Document Home

MOSIX Configuration


Installation and Mosix.map
At the base level, installation of Mosix is relatively straightforward. Simply use apt-get and install Mosix. Slightly more efficient, the command "apt-get install mosixview" will install the mosixview monitoring utility and all of the packages on which it depends, which includes Mosix. Once Mosix is installed, the key file defining the extent of the cluster for machines in the cluster is /etc/mosix.map. As the manpage for Mosix relates, the mosix.map file defines the cluster in terms of ranges of ip addresses. The manpage has a couple of examples that are worth looking at, but since you're probably more familiar with the structure of Ralphzilla by now I'll show you how the map file reflects the structure of this cluster.


The /etc/hosts file from Ralphzilla includes the following records for the machines that comprise Ralphzilla:

10.1.93.47 Ralphzilla
210.1.1.2 Ralphzilla
210.1.1.3 Ralphzilla-faxa
210.1.1.4 Ralphzilla-raider
210.1.1.5 Ralphzilla-free
210.1.1.6 Ralphzilla-b-free

The 10.1.93.x network is the local subnet of the public network on which Ralphzilla exists. (Some would argue that using public network in this sense is a misnomer, since it is seperated from the Internet by a firewall and the first section of the address clearly indicates a network designated as private. In the context of this discussion that distinction is largely semantic, the 10.1.93.x subnet connects to a network of tens of thousands of users over a geographically disperse area. Compared to five machines connected to the same hub, I'd say that qualifies as a public network. The 210.1.1.x network represents that one hub. I assigned that address arbitrarily when I started to set up the cluster.

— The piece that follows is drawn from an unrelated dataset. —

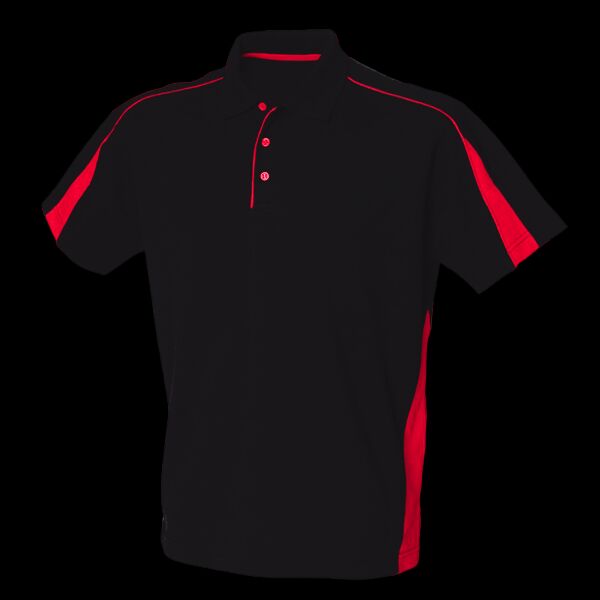 Finden + Hales Club Poly/Cotton Piqué Polo Shirt Thumbnail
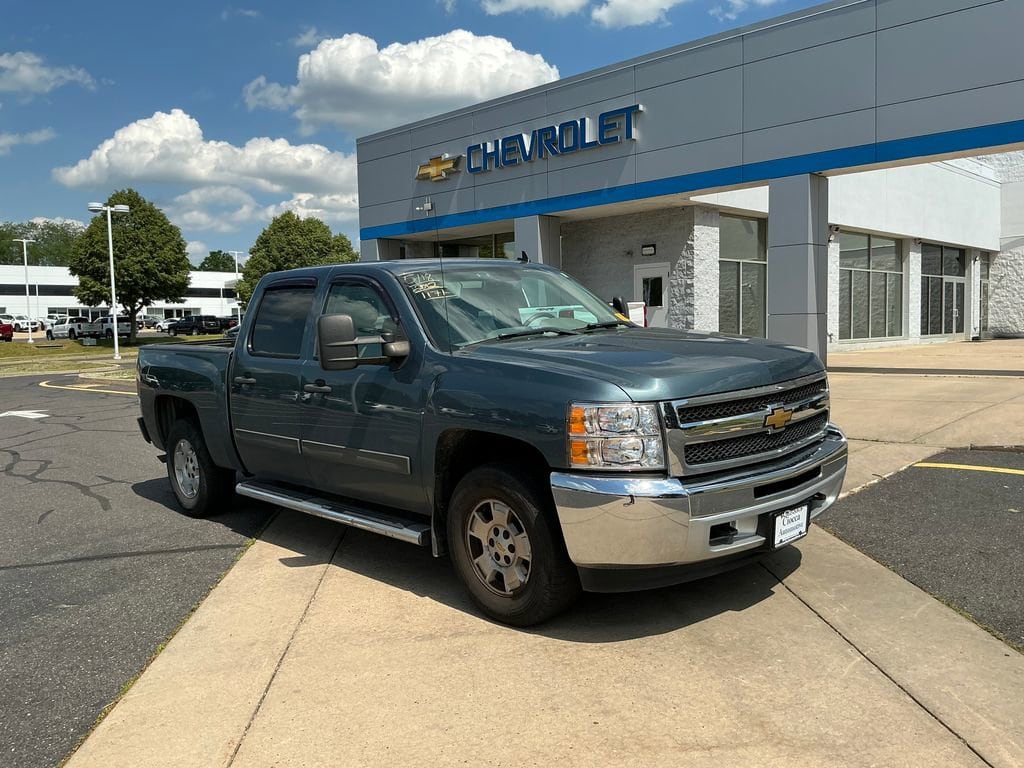 2012 Chevrolet Silverado 1500 LT 4X4 Crew Cab's photo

While it is not one of the address ranges defined as reserved for private networks the face that Ralphzilla is not configured to route between the two networks renders that point almost moot. The only context in which this would cause a modest problem would lie in name resolution requests from Ralphzilla itself. I can see only two areas in which that could conceivably represent a conflict: 1) apt-get operations and 2) potential confirmatory e-mails from ralphzilla to fax senders or routing incoming fax transmissions to e-mail recipients. Neither case represents a problem in this instance, because neither the debian mirrors I use nor them email gateway used by the State of Indiana are in this range. While I would assign these addresses differently if I were starting over, it is not important enough for me to go back and change them. Let this represent an object lesson to you ... to be absolutely free from the possiblility of conflict you should use addresses from those Class A network addresses defined as private. For example, given that the larger network is defined as 10.x.x.x, the cluster addresses could have been assigned from the 192.x.x.x network.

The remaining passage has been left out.